Non pensi però che la diffidenza del pubblico e dei collezionisti nei confronti dell’arte digitale risieda anche nella sua enormemente potenziata “riproducibilità tecnica”, per dirla con Walter Benjamin?

Può essere, certo, ma si possono anche pensare soluzioni che riducano tale riproducibilità virtualmente infinita, come per esempio è già attualmente con la grafica tradizionale: si possono per esempio biffare le matrici di un’acquaforte, certificando la tiratura e determinandone conseguentemente il prezzo.

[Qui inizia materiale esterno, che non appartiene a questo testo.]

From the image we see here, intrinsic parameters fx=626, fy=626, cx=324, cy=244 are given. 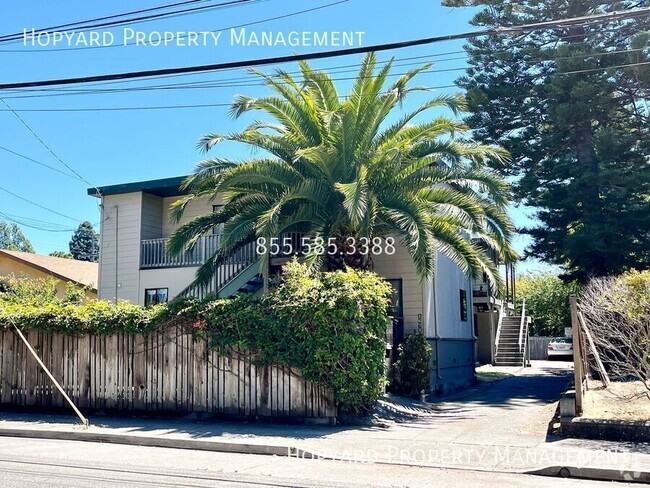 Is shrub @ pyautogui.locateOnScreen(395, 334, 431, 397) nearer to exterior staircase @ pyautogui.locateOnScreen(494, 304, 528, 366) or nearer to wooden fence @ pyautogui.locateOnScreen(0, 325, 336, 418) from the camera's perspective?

Nel mio caso la questione si pone in termini ancora meno drastici, dal momento che ho la tendenza a forme ibride di figurazione, mischiando assieme, per esempio, stampe fotografiche con stampe digitali sovrapposte, e comunque intervenendo quasi sempre con interventi manuali, con qualche pennellata di acrilico che testimonia di un mio gesto sul supporto, sempre irripetibile.

Programmi per l’immediato futuro?

Per rispondermi, Fonda prende in mano un modellino in cartone di una scultura sulla quale sono disposti, inconfondibili, i bozzetti di alcune sue composizioni e capisco immediatamente, prima di sentire quello che ha da dirmi a proposito della tridimensionalità, che con lui non ho affatto finito.